**WORK TO BE COMPLETED:** What's needed: every entry, printed exactly, minus the images.

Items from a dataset
↓↓↓
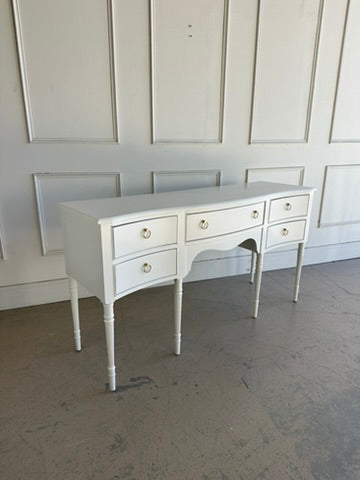 National Mt. Airy Sideboard in White Dove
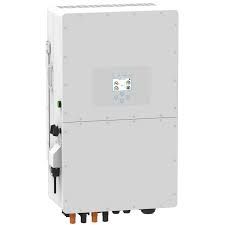 25kW Deye On-Grid Inverter Three Phase SUN G03 25KW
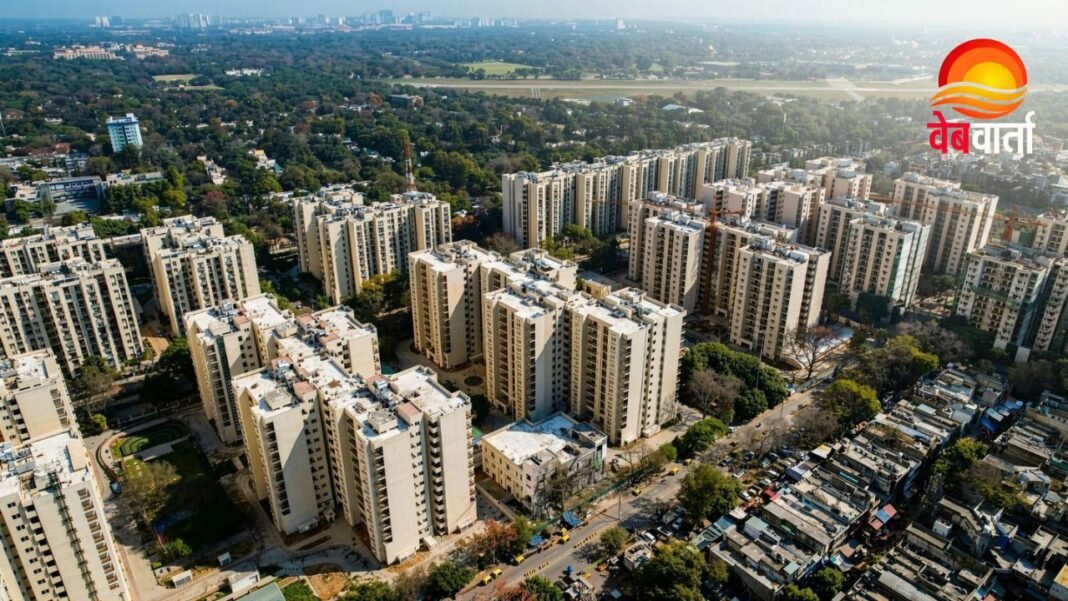 Delhi GPRA Redevelopment – दिल्ली में सरकारी कॉलोनियों का पुनर्विकास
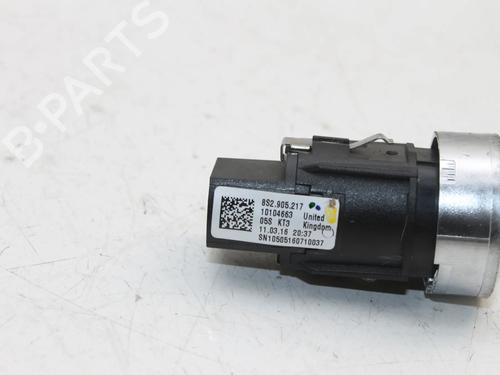 Switch AUDI TT (FV3, FVP) 1.8 TFSI | BP39771810I30 - Image 4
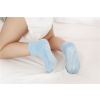 Zestaw 6 Par Skarpetki Dziecięce Antypoślizgowe Abs Bawełniane Stopki M 12-36Mcy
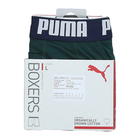 Muški donji veš Puma MEN EVERYDAY BASIC BOXERS 2P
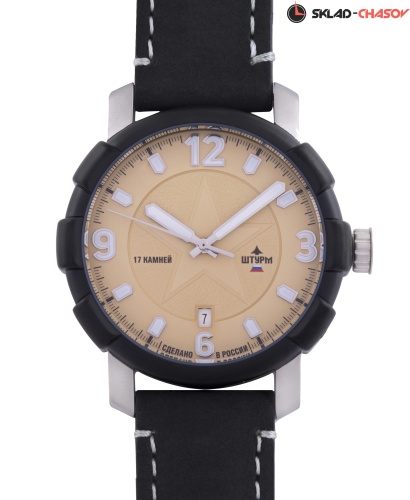 Часы "ШТУРМ" 4305132 фото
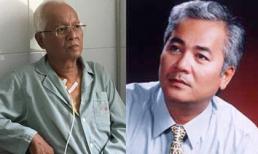 Diễn viên Duy Thanh: Hai đời vợ và những năm tháng cuối đời đầy bi kịch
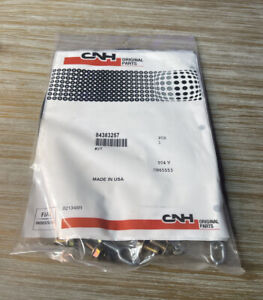 Case CNH Cable kit for suspension seat 84383257. **OEM***
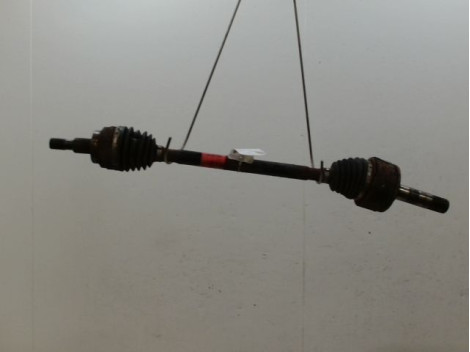 TRANSMISSION ARRIERE GAUCHE MERCEDES CLASSE GL GL 320 CDI 4-matic 
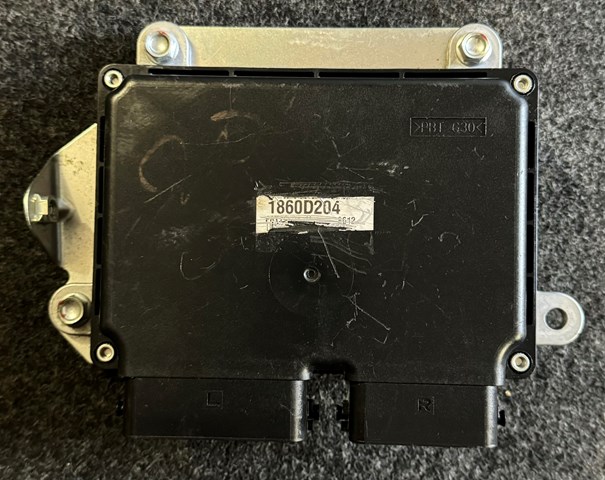 1860D204 Mitsubishi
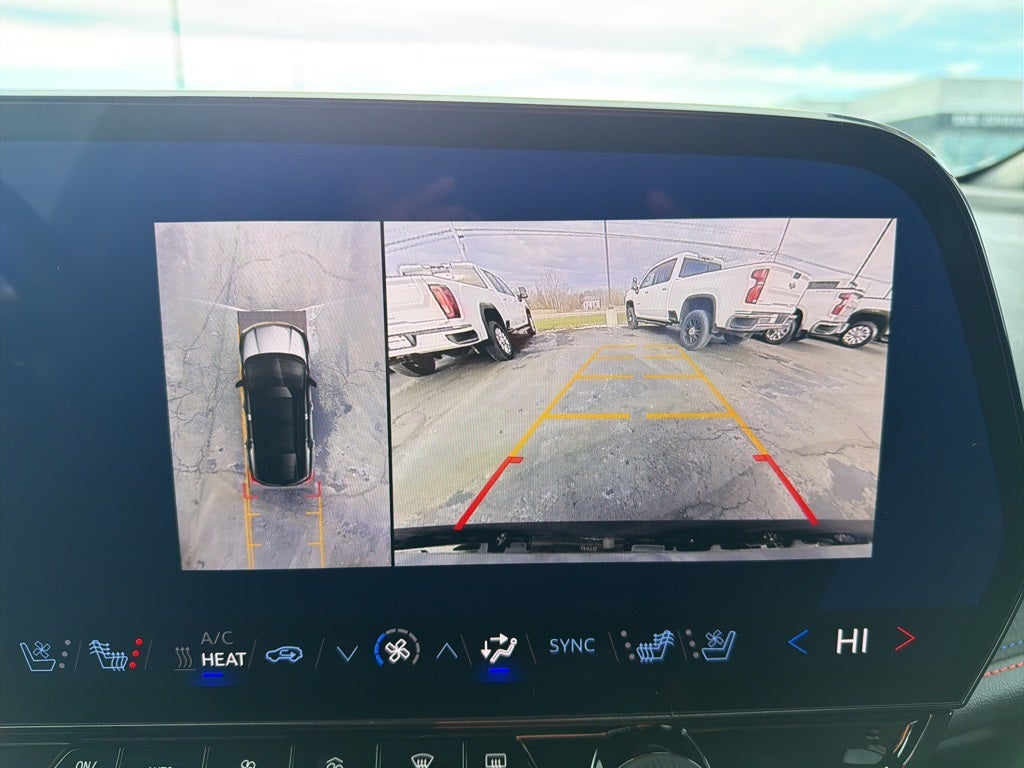 2024 Chevrolet Blazer EV RS CARBRAVO!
↑↑↑
**COMPLETED EXERCISE:**
 National Mt. Airy Sideboard in White Dove
 25kW Deye On-Grid Inverter Three Phase SUN G03 25KW
 Delhi GPRA Redevelopment – दिल्ली में सरकारी कॉलोनियों का पुनर्विकास
 Switch AUDI TT (FV3, FVP) 1.8 TFSI | BP39771810I30 - Image 4
 Zestaw 6 Par Skarpetki Dziecięce Antypoślizgowe Abs Bawełniane Stopki M 12-36Mcy
 Muški donji veš Puma MEN EVERYDAY BASIC BOXERS 2P
 Часы "ШТУРМ" 4305132 фото
 Diễn viên Duy Thanh: Hai đời vợ và những năm tháng cuối đời đầy bi kịch
 Case CNH Cable kit for suspension seat 84383257. **OEM***
 TRANSMISSION ARRIERE GAUCHE MERCEDES CLASSE GL GL 320 CDI 4-matic 
 1860D204 Mitsubishi
 2024 Chevrolet Blazer EV RS CARBRAVO!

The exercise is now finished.